▶ **REQUIREMENT**:
Everything from the line containing "I nærheden af Tough af Edward Lear" through the final line of the records must be transcribed verbatim; nothing else belongs in the result.
---------- TASK DATA
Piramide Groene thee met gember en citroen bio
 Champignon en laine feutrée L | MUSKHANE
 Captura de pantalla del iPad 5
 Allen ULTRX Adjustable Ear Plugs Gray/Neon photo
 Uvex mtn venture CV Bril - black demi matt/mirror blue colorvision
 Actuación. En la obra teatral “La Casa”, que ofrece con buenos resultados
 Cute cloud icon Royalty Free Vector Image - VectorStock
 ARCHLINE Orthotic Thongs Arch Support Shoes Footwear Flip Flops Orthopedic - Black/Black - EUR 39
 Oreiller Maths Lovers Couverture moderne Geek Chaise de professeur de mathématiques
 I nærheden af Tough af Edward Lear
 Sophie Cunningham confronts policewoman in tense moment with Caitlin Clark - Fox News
--------------------
▶ **TASK RESPONSE**:
 I nærheden af Tough af Edward Lear
 Sophie Cunningham confronts policewoman in tense moment with Caitlin Clark - Fox News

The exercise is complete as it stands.